My biggest bugbear is probably the title – “My Daughter, the Teenage Nudist” along with being largely misleading (at least half of us were male and over 20), it seemed to promise furtive glimpses of underage feminine sexuality which ran contrary to what the documentary was about – being comfortable in your own skin. I guess that was Channel 4’s way of hooking in the punters.

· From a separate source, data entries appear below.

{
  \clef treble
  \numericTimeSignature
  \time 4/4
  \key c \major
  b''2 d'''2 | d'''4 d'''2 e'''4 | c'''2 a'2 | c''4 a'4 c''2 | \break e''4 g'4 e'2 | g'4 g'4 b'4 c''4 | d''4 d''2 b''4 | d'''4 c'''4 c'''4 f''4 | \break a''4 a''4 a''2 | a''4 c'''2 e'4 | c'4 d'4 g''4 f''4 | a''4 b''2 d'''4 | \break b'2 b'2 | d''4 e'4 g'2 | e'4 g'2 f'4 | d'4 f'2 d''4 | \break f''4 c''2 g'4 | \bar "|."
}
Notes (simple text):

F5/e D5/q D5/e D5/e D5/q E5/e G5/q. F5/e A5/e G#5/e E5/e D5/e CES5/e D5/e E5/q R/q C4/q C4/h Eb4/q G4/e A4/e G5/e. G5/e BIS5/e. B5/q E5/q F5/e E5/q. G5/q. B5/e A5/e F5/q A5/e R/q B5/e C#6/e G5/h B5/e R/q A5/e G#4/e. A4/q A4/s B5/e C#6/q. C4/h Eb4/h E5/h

Reading through some of the reviews in the papers, almost every one picked up on a conversation between Luke and two girls whilst flyering in Manchester, about how Darryl and Alex were pretty attractive, and whether or not this made them good adverts for body-positivism. I don’t want to speak for Alex or Darryl, but I’d wager that every person, no matter how conventionally attractive, has had doubts about their body image and self esteem at some point. This is pretty much the basis of the beauty industry – fostering hang-ups in order to profit from cosmetics, creams, and cover-ups. As such, going publicly naked represents a big step for anyone, regardless of how pretty other people think they are. And frankly, as astute as those girls statements were, I imagine the media’s reaction would be much more scathing if this was a documentary about older and well-weathered nudists, sadly. It’s a case of damned if you do and damned if you don’t.
Another thing I’m surprised hasn’t been raised much in criticism of the documentary is about how white we all are. There is a serious lack of diversity in the show, and the naturist movement/community as a whole. We talked about it a fair bit with the production crew (which didn’t make the cut), and have jotted down a few of our own thoughts on the subject, but would love to hear your thoughts on how this situation can improve – get in touch if you want to contribute articles to the blog, or have any good resources to share.

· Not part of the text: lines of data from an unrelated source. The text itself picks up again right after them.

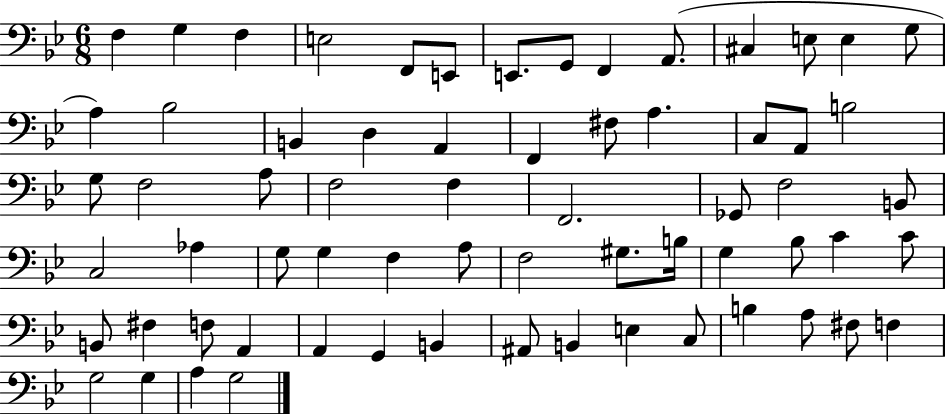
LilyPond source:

{
  \clef bass
  \numericTimeSignature
  \time 6/8
  \key bes \major
  \repeat volta 2 { f4 g4 f4 | e2 f,8 e,8 | e,8. g,8 f,4 a,8.( | cis4 e8 e4 g8 | \break a4) bes2 | b,4 d4 a,4 | f,4 fis8 a4. | c8 a,8 b2 | \break g8 f2 a8 | f2 f4 | f,2. | ges,8 f2 b,8 | \break c2 aes4 | g8 g4 f4 a8 | f2 gis8. b16 | g4 bes8 c'4 c'8 | \break b,8 fis4 f8 a,4 | a,4 g,4 b,4 | ais,8 b,4 e4 c8 | b4 a8 fis8 f4 | \break g2 g4 | a4 g2 | } \bar "|."
}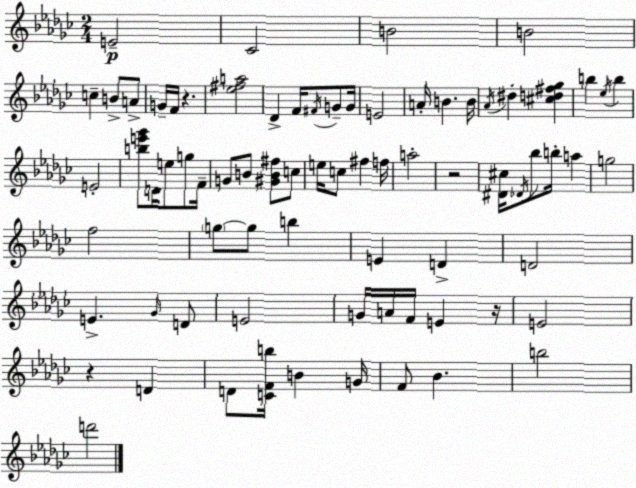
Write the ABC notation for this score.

X:1
T:Untitled
M:2/4
L:1/4
K:Ebm
E2 _C2 B2 B2 c B/2 A/2 G/4 F/4 z [_e^fa]2 _D F/4 ^F/4 G/2 G/4 E2 A/4 B B/4 _A/4 ^d [^cd^f_g] b _e/4 b E2 [be'_g']/2 D/4 e/2 g/2 F/4 G/2 B/2 [^GB^f]/2 c/2 e/4 c/2 ^f f/4 a2 z2 [^D^c]/4 _D/4 _b/2 b/4 a g2 f2 g/2 g/2 b E D D2 E _G/4 D/2 E2 G/4 A/4 F/4 E z/4 E2 z D D/2 [CFb]/4 B G/4 F/2 _B b2 d'2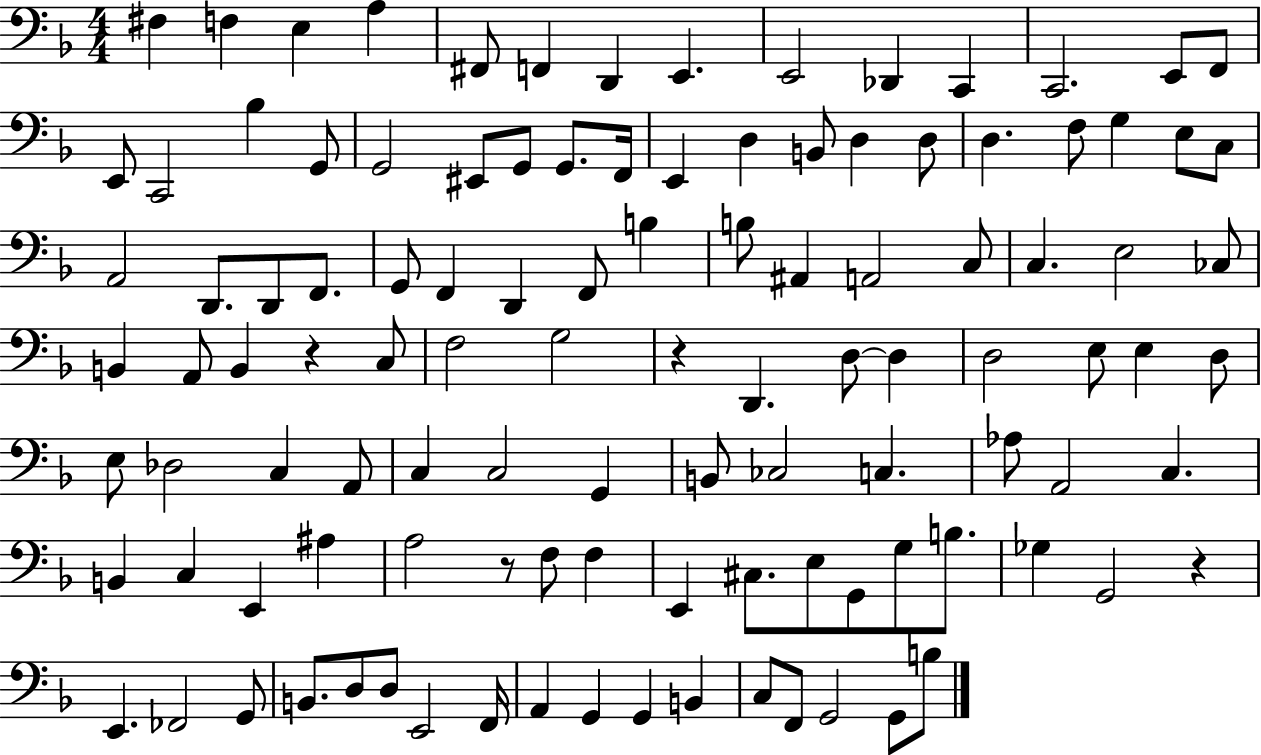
X:1
T:Untitled
M:4/4
L:1/4
K:F
^F, F, E, A, ^F,,/2 F,, D,, E,, E,,2 _D,, C,, C,,2 E,,/2 F,,/2 E,,/2 C,,2 _B, G,,/2 G,,2 ^E,,/2 G,,/2 G,,/2 F,,/4 E,, D, B,,/2 D, D,/2 D, F,/2 G, E,/2 C,/2 A,,2 D,,/2 D,,/2 F,,/2 G,,/2 F,, D,, F,,/2 B, B,/2 ^A,, A,,2 C,/2 C, E,2 _C,/2 B,, A,,/2 B,, z C,/2 F,2 G,2 z D,, D,/2 D, D,2 E,/2 E, D,/2 E,/2 _D,2 C, A,,/2 C, C,2 G,, B,,/2 _C,2 C, _A,/2 A,,2 C, B,, C, E,, ^A, A,2 z/2 F,/2 F, E,, ^C,/2 E,/2 G,,/2 G,/2 B,/2 _G, G,,2 z E,, _F,,2 G,,/2 B,,/2 D,/2 D,/2 E,,2 F,,/4 A,, G,, G,, B,, C,/2 F,,/2 G,,2 G,,/2 B,/2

I hope I can speak for all of us when I say that we have been really overwhelmed with the positive comments, tweets and emails that have flooded in. Some comments have been amusing, others filled with anger (of the good sort), and more so have been incredibly touching. I’m sorry that we won’t get chance to respond to them all, but thank-you for them all the same.
Whilst I’m on the subject of thanking people, I’d like to give a shout out to my best friends and naked vegan comrades, Luke and Greta. You’ll probably recognise Luke from the documentary, and heard how his body-positive attitude has helped me come to terms with some of my own body issues. Greta wasn’t in the documentary as her family was worried about the potential of it being sensationalised and sexualised in the media (which in hindsight was well founded) but has really been a powerhouse behind making this project work, as well as doing some really fantastic campaigning around the media and ad industries perception of women and bodies.

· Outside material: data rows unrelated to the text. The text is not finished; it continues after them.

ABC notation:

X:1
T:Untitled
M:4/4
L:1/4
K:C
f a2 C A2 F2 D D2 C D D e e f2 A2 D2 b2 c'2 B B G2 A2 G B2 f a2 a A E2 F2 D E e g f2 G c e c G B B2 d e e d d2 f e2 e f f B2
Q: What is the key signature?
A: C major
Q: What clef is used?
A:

We’ve met some good people through doing this documentary, and have come a long way since the documentary was filmed. Naked Vegan Cooking also has some exciting projects coming up, including naked clubbing and a pop-up restaurant which you can hear about if you subscribe to get email updates or to our events mailing list. Other ways of keeping in touch with us include facebook and twitter. And don’t forget if you fancy giving naked vegan cooking a try in your own kitchens you can submit your own recipes to go on the blog here.
With love, Jess
P.S. You might want to check out our housing co-op project : )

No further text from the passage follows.